Exercise prompt: The expected result is a verbatim repetition of the lines from the start of the entries through the line containing "Imagen de Ukiyo", with the pictures removed.

** Provided information follows **

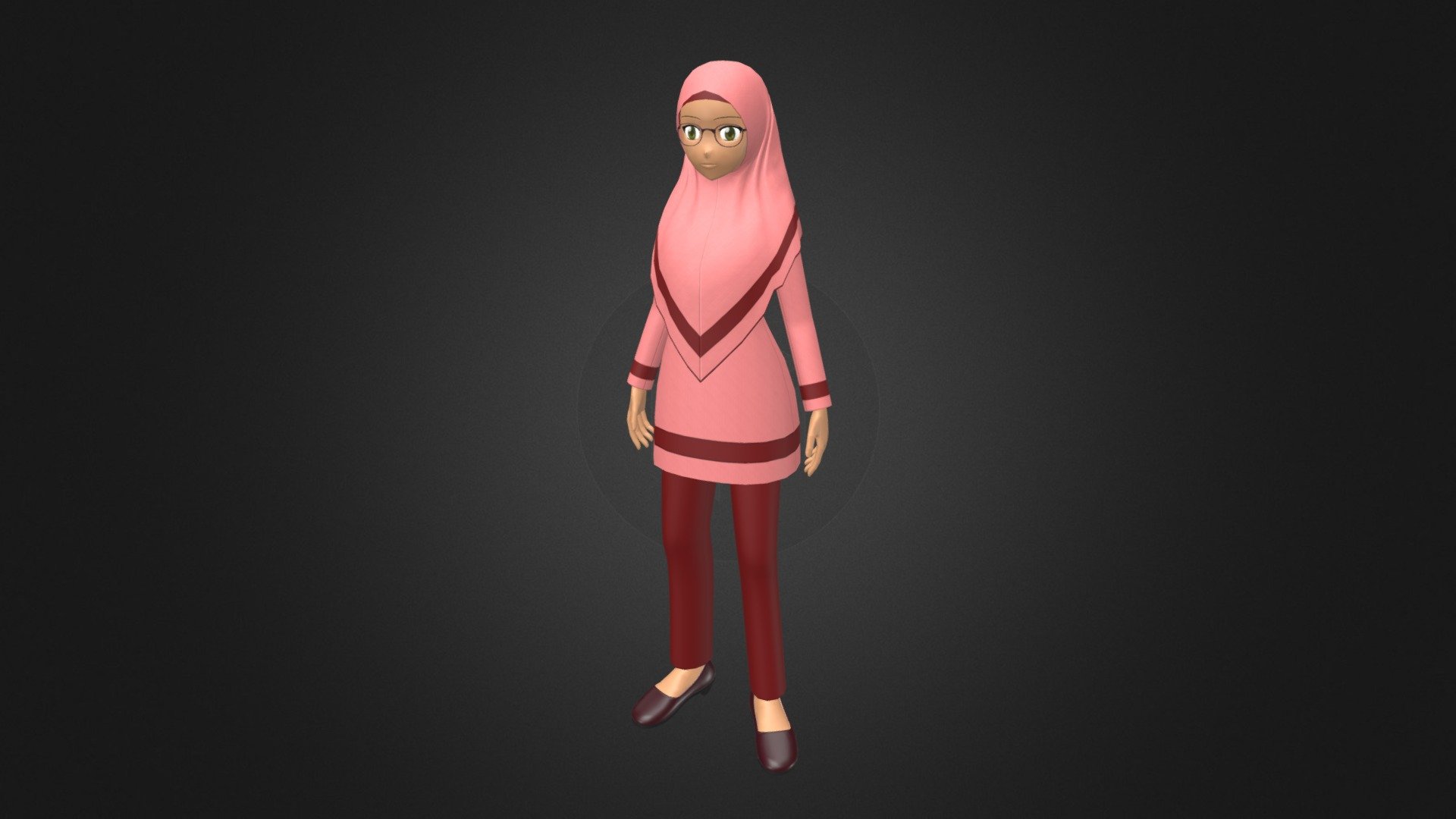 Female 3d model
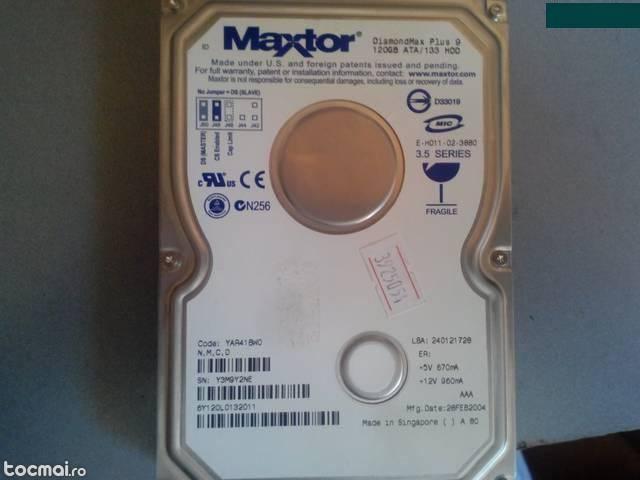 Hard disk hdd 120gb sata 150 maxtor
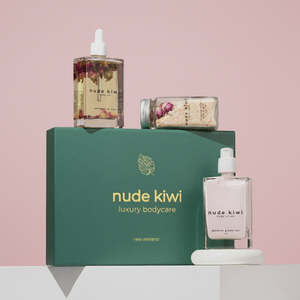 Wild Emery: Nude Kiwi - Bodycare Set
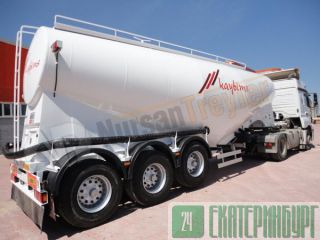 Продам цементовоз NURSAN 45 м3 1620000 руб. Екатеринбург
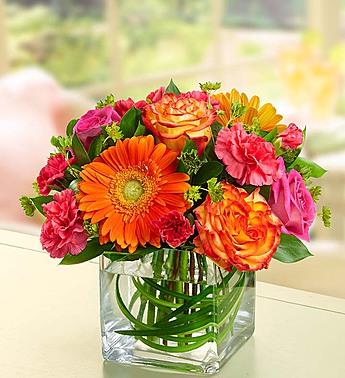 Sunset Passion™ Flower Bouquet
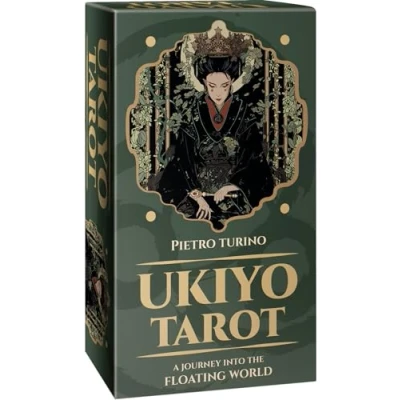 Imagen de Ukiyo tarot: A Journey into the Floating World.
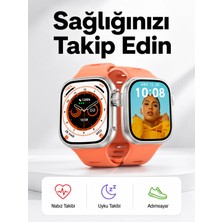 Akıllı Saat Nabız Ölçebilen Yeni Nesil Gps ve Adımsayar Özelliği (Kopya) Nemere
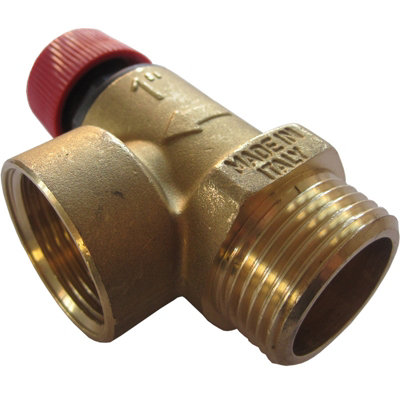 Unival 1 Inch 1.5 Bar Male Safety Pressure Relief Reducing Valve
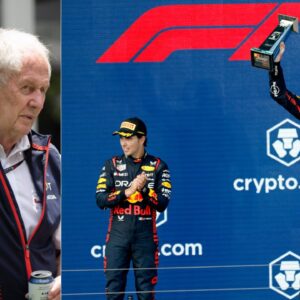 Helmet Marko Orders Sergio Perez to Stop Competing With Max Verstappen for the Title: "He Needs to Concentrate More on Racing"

** End of Provided information **

Response:
 Female 3d model
 Hard disk hdd 120gb sata 150 maxtor
 Wild Emery: Nude Kiwi - Bodycare Set
 Продам цементовоз NURSAN 45 м3 1620000 руб. Екатеринбург
 Sunset Passion™ Flower Bouquet
 Imagen de Ukiyo tarot: A Journey into the Floating World.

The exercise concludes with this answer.